TASK TO CARRY OUT - To complete this task, print all the data below exactly but leave out the images.

COLLECTED DATA -
———

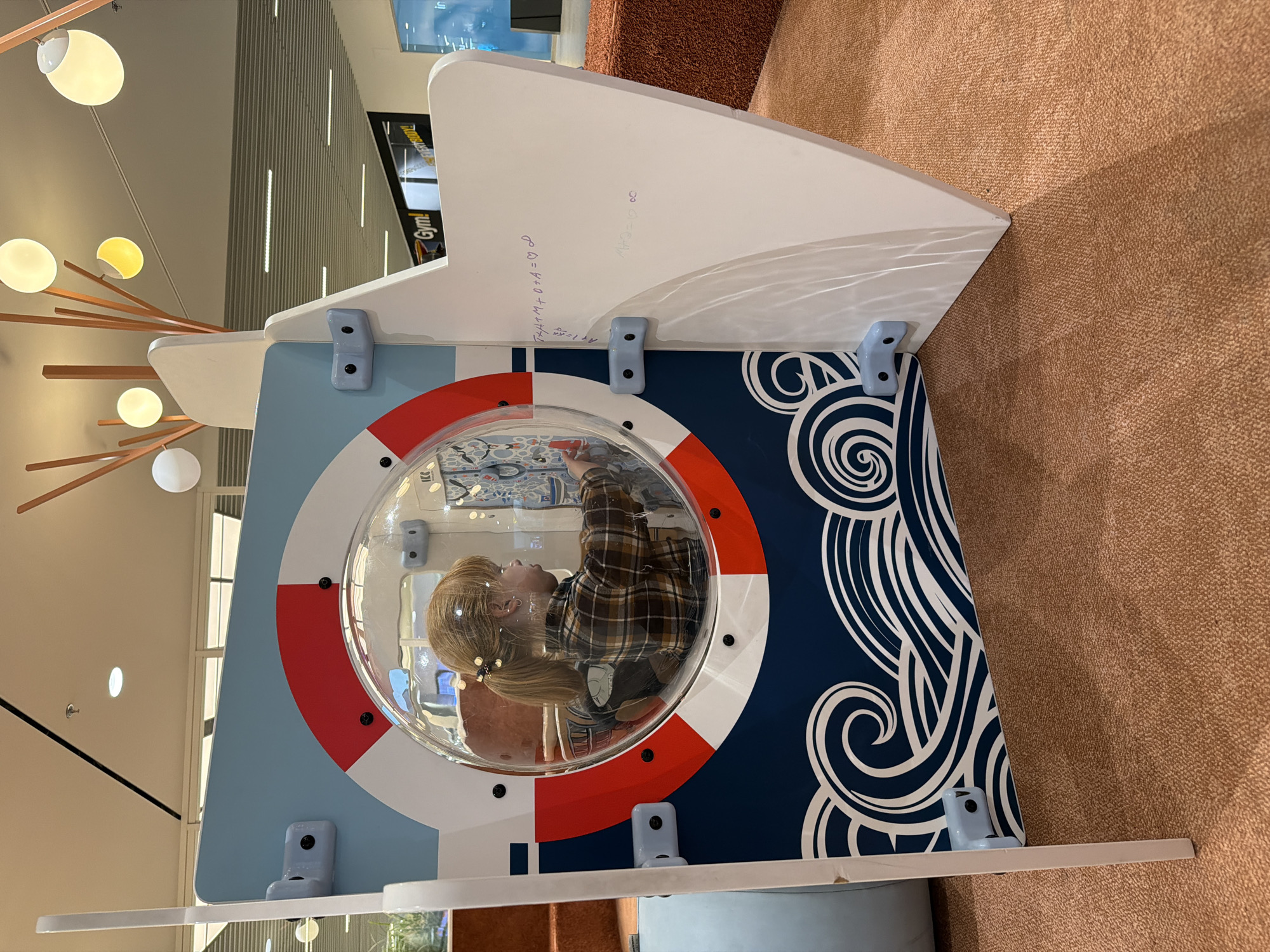 A young child with blonde hair in a ponytail, wearing a brown and black plaid shirt, is looking at a colorful interactive panel through a round, clear plastic window on a white and blue boat-themed structure. The structure has a red and white life preserver graphic around the window and a wave pattern on the lower portion. The child's hands are visible, interacting with something inside the structure. The background shows an indoor environment with a patterned carpet, seating, and overhead lighting. The structure is located in Tallinn, Estonia, within a recreational area, possibly a shopping center or play space.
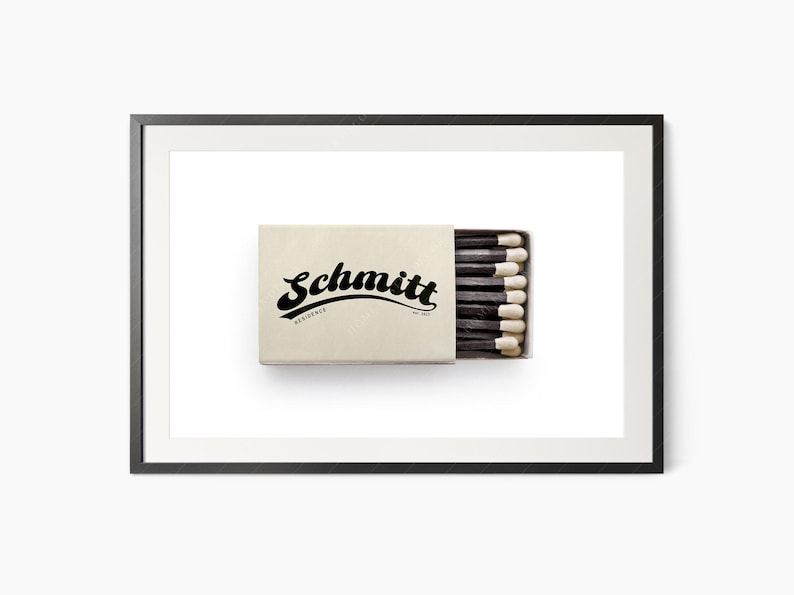 K&ouml;nnte beinhalten: Gerahmter Druck mit einer beigefarbenen Streichholzschachtel mit dem Namen "Schmitt" in Schwarz. Die Schachtel enth&auml;lt schwarze Streichh&ouml;lzer mit wei&szlig;en Spitzen. Das Bild ist vor einem wei&szlig;en Hintergrund.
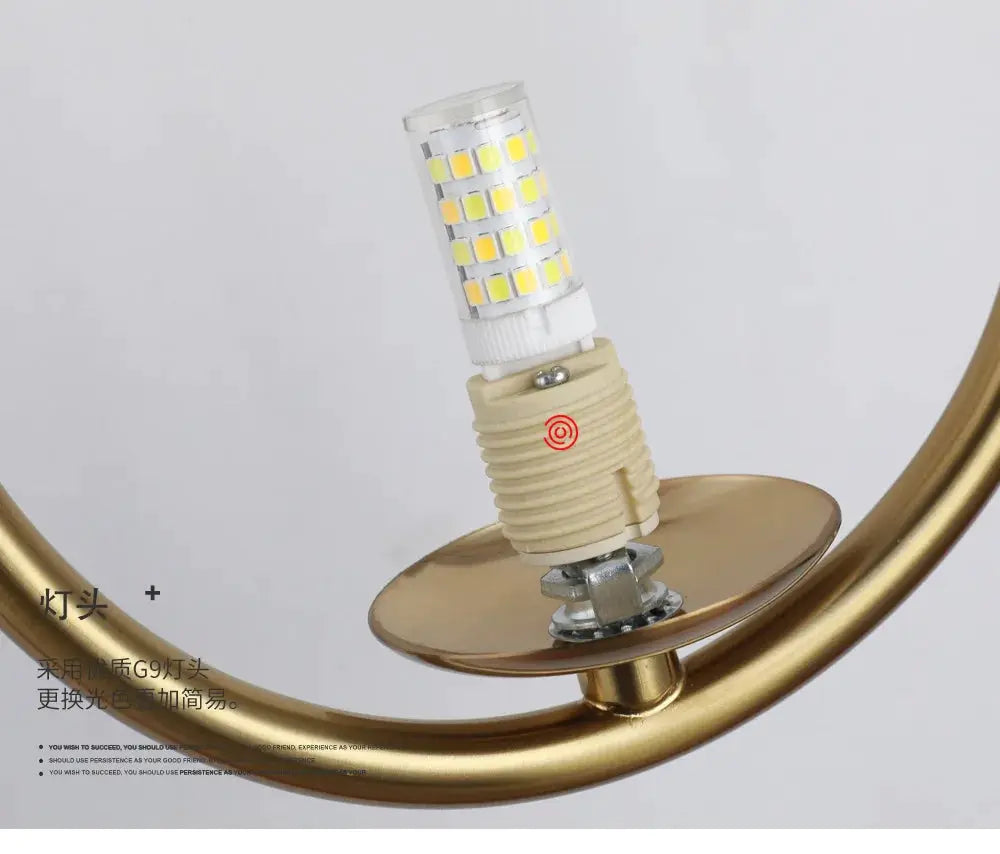 LED wall lamp with a glass ball LED module, gold metal curved frame, Nordic minimalist design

———

EXERCISE RESULT -
 A young child with blonde hair in a ponytail, wearing a brown and black plaid shirt, is looking at a colorful interactive panel through a round, clear plastic window on a white and blue boat-themed structure. The structure has a red and white life preserver graphic around the window and a wave pattern on the lower portion. The child's hands are visible, interacting with something inside the structure. The background shows an indoor environment with a patterned carpet, seating, and overhead lighting. The structure is located in Tallinn, Estonia, within a recreational area, possibly a shopping center or play space.
 K&ouml;nnte beinhalten: Gerahmter Druck mit einer beigefarbenen Streichholzschachtel mit dem Namen "Schmitt" in Schwarz. Die Schachtel enth&auml;lt schwarze Streichh&ouml;lzer mit wei&szlig;en Spitzen. Das Bild ist vor einem wei&szlig;en Hintergrund.
 LED wall lamp with a glass ball LED module, gold metal curved frame, Nordic minimalist design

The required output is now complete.